En España —ya para concluir estas reflexiones rápidas—, instituciones relacionadas con el mundo empresarial premiaron (2011) a un economista americano, Michael C. Jensen, por sostener básicamente que la integridad nada tiene que ver con la moral o la ética, sino que consiste en mantener la palabra dada siempre que se pueda. Claro, así resulta sin duda más sencillo ser íntegro; de hecho, leí que casi todos los directivos se tienen por íntegros, incluso admitiendo un alto nivel de corrupción en su entorno. Intentemos ser, sí, concretos, precisos, rigurosos al hablar de valores.
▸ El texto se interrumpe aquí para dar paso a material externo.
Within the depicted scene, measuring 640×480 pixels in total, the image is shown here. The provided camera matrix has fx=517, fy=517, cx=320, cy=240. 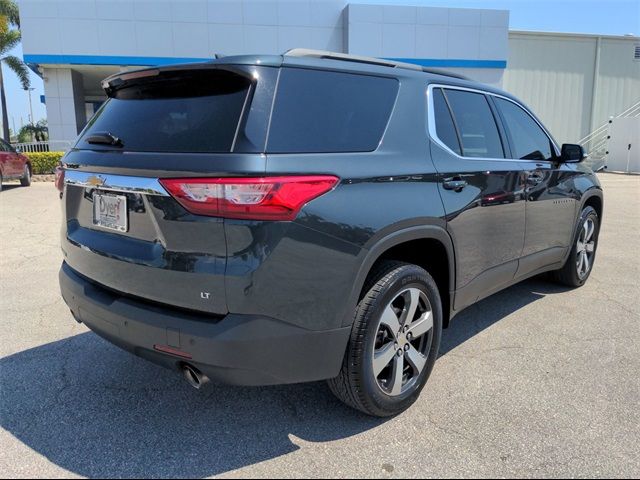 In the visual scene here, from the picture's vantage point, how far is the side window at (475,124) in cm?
342

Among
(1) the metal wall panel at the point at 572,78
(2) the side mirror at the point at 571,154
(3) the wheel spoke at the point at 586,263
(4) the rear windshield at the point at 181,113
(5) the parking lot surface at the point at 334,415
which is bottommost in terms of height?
(5) the parking lot surface at the point at 334,415

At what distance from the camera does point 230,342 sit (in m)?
2.22

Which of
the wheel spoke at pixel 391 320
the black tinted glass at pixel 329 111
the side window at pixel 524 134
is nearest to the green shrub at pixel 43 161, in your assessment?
the side window at pixel 524 134

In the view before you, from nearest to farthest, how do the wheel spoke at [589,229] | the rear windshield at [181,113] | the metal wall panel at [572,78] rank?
the rear windshield at [181,113] → the wheel spoke at [589,229] → the metal wall panel at [572,78]

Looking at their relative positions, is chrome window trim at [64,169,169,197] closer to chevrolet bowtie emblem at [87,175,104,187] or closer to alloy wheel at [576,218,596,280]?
chevrolet bowtie emblem at [87,175,104,187]

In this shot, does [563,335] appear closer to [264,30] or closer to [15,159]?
[15,159]

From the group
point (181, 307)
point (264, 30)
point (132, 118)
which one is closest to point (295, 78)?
point (132, 118)

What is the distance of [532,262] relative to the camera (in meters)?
4.23

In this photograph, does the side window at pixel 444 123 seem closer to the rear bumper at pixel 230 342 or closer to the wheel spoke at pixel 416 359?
the wheel spoke at pixel 416 359

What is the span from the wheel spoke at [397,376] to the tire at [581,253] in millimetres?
2981

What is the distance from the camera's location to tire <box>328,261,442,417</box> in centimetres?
261

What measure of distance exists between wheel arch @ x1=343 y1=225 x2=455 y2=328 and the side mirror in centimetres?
214

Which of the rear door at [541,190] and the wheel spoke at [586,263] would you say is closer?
the rear door at [541,190]

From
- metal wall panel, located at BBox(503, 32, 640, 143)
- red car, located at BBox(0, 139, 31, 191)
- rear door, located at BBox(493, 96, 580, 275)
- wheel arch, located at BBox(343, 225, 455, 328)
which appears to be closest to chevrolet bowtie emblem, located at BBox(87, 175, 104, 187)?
wheel arch, located at BBox(343, 225, 455, 328) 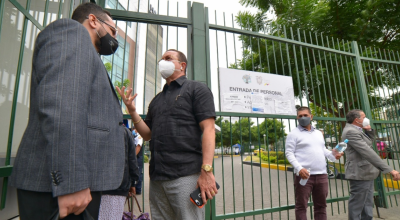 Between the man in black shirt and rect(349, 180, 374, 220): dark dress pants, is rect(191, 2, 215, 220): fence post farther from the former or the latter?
rect(349, 180, 374, 220): dark dress pants

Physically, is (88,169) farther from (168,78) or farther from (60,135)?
(168,78)

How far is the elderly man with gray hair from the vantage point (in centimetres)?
316

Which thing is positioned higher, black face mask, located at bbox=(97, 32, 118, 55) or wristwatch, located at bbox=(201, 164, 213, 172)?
black face mask, located at bbox=(97, 32, 118, 55)

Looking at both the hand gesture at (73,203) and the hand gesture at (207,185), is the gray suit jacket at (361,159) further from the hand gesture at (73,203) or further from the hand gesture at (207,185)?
the hand gesture at (73,203)

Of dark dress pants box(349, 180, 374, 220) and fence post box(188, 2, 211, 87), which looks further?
dark dress pants box(349, 180, 374, 220)

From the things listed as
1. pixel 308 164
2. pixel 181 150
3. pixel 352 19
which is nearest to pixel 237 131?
pixel 308 164

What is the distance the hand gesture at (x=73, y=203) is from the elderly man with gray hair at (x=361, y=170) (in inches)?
139

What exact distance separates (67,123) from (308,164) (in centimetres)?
288

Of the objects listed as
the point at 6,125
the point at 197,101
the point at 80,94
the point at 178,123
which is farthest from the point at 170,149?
the point at 6,125

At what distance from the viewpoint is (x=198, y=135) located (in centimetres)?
190

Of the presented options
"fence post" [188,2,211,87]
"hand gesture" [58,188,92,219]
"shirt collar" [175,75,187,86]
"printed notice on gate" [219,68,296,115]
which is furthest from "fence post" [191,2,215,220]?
"hand gesture" [58,188,92,219]

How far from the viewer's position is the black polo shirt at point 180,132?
5.83ft

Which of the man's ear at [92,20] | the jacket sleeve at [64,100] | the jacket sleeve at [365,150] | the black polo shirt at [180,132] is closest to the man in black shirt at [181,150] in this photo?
the black polo shirt at [180,132]

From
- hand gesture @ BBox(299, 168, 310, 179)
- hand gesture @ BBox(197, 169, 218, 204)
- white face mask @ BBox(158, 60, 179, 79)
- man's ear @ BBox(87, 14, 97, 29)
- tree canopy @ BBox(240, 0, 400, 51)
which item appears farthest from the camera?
tree canopy @ BBox(240, 0, 400, 51) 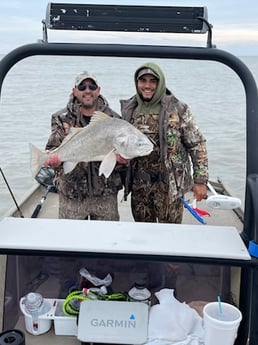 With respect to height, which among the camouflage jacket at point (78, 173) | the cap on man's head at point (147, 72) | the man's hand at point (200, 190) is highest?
the cap on man's head at point (147, 72)

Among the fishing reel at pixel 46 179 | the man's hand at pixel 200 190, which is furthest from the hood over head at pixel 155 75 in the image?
the fishing reel at pixel 46 179

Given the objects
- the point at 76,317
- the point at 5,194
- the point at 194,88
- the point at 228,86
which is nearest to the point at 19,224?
the point at 76,317

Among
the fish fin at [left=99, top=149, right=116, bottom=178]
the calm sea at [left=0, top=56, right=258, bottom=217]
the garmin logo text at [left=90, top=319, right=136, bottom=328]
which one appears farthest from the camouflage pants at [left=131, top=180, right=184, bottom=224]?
the garmin logo text at [left=90, top=319, right=136, bottom=328]

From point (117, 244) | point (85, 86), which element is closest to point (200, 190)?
point (85, 86)

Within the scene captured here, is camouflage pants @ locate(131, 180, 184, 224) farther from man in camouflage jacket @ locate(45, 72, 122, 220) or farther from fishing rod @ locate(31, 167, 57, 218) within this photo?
fishing rod @ locate(31, 167, 57, 218)

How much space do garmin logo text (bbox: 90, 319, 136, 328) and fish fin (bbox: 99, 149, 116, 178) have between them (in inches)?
45.9

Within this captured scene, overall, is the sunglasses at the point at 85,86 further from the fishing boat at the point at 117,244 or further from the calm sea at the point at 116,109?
the fishing boat at the point at 117,244

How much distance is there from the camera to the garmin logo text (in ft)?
6.58

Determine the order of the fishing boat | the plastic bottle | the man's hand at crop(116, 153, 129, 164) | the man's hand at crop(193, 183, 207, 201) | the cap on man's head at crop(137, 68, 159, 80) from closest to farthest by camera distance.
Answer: the fishing boat → the plastic bottle → the man's hand at crop(116, 153, 129, 164) → the cap on man's head at crop(137, 68, 159, 80) → the man's hand at crop(193, 183, 207, 201)

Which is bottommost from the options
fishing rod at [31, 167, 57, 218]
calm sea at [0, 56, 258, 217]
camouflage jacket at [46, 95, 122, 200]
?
calm sea at [0, 56, 258, 217]

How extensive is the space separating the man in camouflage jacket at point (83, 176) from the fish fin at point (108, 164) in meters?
0.39

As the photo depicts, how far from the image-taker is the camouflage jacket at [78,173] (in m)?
3.37

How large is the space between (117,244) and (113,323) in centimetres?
32

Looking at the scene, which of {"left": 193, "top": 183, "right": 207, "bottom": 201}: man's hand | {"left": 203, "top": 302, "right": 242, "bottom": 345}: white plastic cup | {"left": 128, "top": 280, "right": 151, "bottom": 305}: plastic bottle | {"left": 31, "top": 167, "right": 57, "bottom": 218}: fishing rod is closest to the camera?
{"left": 203, "top": 302, "right": 242, "bottom": 345}: white plastic cup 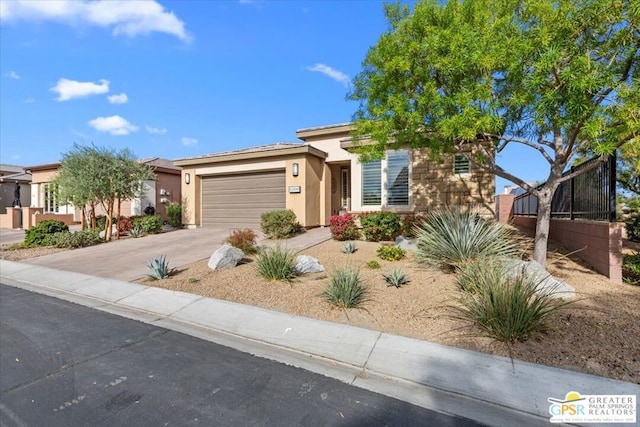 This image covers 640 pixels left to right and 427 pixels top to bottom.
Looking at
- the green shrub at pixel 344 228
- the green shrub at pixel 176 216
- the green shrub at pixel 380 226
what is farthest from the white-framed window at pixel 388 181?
the green shrub at pixel 176 216

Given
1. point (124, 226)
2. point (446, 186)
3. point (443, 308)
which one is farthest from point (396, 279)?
point (124, 226)

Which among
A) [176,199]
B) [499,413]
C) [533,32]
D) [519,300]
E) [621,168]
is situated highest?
[533,32]

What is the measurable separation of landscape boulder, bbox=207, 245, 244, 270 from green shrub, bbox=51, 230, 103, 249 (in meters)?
7.44

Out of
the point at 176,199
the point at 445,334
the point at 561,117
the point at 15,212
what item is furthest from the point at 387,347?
the point at 15,212

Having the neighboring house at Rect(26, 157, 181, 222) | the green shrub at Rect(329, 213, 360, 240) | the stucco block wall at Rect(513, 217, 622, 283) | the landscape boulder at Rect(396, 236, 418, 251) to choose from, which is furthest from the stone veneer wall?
the neighboring house at Rect(26, 157, 181, 222)

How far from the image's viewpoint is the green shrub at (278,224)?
1277 centimetres

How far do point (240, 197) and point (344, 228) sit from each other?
22.0 ft

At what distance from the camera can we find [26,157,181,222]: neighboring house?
65.4 feet

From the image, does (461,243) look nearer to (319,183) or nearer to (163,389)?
(163,389)

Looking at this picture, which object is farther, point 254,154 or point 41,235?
point 254,154

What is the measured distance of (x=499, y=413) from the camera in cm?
311

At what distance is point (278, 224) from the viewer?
12828 millimetres

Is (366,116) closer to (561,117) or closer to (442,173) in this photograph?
(561,117)

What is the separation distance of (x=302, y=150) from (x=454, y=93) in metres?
8.14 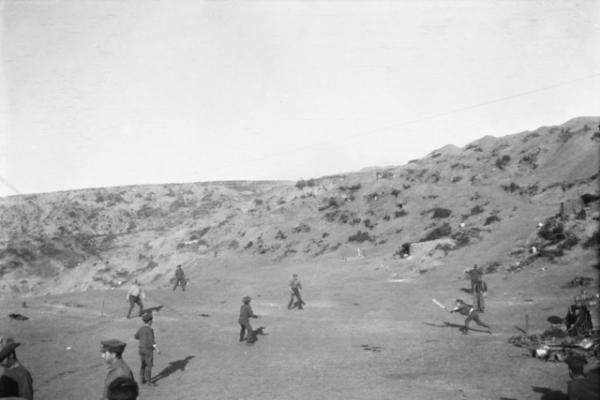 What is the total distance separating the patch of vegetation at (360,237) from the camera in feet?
148

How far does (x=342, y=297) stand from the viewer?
26.0m

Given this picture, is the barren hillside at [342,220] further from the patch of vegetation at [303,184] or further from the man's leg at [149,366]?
the man's leg at [149,366]

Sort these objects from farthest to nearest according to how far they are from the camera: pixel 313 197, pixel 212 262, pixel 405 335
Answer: pixel 313 197
pixel 212 262
pixel 405 335

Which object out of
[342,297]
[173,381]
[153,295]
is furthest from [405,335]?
[153,295]

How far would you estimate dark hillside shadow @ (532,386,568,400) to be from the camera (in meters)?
9.52

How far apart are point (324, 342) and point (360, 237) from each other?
30.1 meters

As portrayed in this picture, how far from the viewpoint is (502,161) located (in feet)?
178

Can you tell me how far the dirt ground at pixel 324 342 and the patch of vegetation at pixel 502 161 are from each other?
90.8ft

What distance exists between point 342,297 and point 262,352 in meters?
11.6

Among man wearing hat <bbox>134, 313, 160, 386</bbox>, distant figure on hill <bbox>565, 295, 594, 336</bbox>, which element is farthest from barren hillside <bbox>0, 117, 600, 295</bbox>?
man wearing hat <bbox>134, 313, 160, 386</bbox>

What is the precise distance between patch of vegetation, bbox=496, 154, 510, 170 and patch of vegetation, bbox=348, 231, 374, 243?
18781mm

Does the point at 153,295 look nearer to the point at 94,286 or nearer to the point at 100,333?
the point at 100,333

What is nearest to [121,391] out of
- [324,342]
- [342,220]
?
[324,342]

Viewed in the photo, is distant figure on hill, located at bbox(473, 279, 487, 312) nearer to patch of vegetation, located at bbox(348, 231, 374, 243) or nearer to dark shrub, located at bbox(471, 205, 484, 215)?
dark shrub, located at bbox(471, 205, 484, 215) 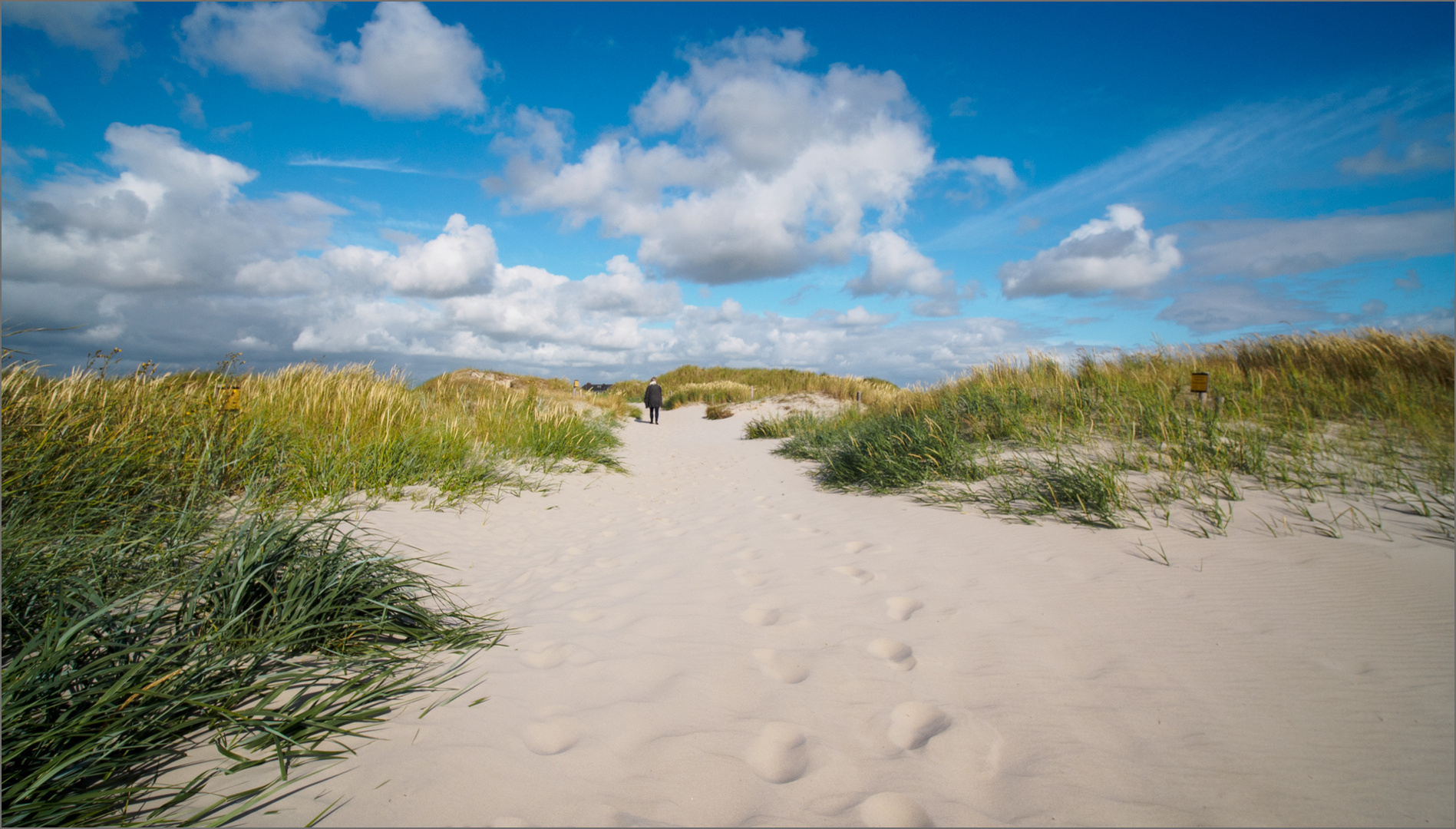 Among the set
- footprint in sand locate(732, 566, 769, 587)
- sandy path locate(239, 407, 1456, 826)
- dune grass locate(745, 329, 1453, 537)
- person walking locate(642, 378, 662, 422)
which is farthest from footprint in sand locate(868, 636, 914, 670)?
person walking locate(642, 378, 662, 422)

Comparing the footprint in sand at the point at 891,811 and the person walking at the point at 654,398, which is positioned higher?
the person walking at the point at 654,398

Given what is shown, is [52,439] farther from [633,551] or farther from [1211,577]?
[1211,577]

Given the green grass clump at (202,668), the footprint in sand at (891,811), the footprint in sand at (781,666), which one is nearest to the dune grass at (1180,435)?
the footprint in sand at (781,666)

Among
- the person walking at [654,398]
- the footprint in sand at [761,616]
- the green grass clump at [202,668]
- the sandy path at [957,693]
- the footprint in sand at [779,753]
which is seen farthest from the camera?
the person walking at [654,398]

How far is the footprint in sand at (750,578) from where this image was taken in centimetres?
341

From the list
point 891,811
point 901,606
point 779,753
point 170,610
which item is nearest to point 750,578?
point 901,606

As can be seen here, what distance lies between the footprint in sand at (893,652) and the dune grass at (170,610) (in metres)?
1.81

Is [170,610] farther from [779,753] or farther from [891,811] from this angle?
[891,811]

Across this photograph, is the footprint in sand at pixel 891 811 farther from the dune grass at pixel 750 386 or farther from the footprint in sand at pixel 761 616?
the dune grass at pixel 750 386

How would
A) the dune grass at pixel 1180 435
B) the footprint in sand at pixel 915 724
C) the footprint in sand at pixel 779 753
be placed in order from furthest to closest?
the dune grass at pixel 1180 435
the footprint in sand at pixel 915 724
the footprint in sand at pixel 779 753

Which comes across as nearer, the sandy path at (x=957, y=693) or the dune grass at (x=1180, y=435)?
the sandy path at (x=957, y=693)

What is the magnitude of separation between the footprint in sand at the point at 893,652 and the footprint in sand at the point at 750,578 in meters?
1.00

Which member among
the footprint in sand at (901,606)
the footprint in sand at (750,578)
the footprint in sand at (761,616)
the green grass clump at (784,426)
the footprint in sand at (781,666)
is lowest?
the footprint in sand at (750,578)

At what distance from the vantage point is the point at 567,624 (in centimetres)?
277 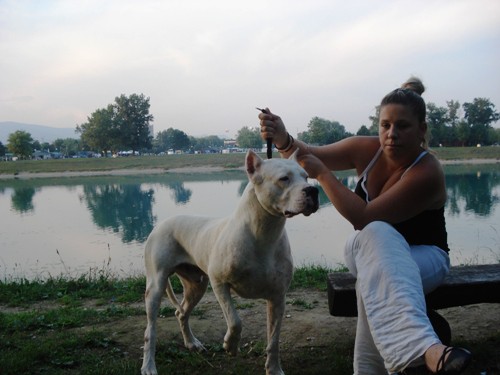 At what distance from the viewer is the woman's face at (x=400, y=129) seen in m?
3.21

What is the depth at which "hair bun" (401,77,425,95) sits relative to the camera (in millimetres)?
3629

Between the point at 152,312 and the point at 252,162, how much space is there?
1.80m

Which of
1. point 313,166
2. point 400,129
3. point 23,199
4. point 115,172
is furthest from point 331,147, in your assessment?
point 115,172

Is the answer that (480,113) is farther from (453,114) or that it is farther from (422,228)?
(422,228)

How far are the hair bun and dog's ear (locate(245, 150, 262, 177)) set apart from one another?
124 cm

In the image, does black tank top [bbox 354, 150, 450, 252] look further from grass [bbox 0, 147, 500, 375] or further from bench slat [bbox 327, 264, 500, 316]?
grass [bbox 0, 147, 500, 375]

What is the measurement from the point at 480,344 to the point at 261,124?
2.75 meters

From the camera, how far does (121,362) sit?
428cm

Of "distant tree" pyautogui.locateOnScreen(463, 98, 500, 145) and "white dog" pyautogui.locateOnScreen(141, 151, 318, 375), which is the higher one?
"distant tree" pyautogui.locateOnScreen(463, 98, 500, 145)

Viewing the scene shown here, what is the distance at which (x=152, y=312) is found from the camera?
4.35 meters

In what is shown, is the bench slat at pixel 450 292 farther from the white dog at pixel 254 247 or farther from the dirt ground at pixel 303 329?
the white dog at pixel 254 247

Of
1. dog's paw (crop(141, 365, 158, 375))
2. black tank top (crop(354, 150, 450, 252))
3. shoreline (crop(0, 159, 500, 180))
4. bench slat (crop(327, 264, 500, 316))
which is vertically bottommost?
dog's paw (crop(141, 365, 158, 375))

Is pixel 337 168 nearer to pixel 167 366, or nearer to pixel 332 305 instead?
pixel 332 305

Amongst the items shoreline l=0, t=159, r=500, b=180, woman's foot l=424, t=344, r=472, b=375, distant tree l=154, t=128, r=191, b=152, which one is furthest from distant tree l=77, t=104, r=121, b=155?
woman's foot l=424, t=344, r=472, b=375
Por otra parte y sotto voce, aunque todavía parezca en ocasiones más teórico que práctico, la sociedad ha optado por el laicismo para su funcionamiento; dicho de otro modo, las creencias religiosas (como cualquier otra manifestación) han de expresarse sin duda con libertad, respetando empero las leyes. Parece una obviedad, pero los hechos mueven a insistir en ello. Más claramente y si el lector asiente, quizá no resulte acertada la defensa a toda costa, o a ultranza, de nuestras posiciones en relación con la vida, la familia…
José Enebral Fernández
Palabras clave: valores, sociedad, relaciones, educación, formación, libertad, verdad, familia, religión, fortalezas, integridad.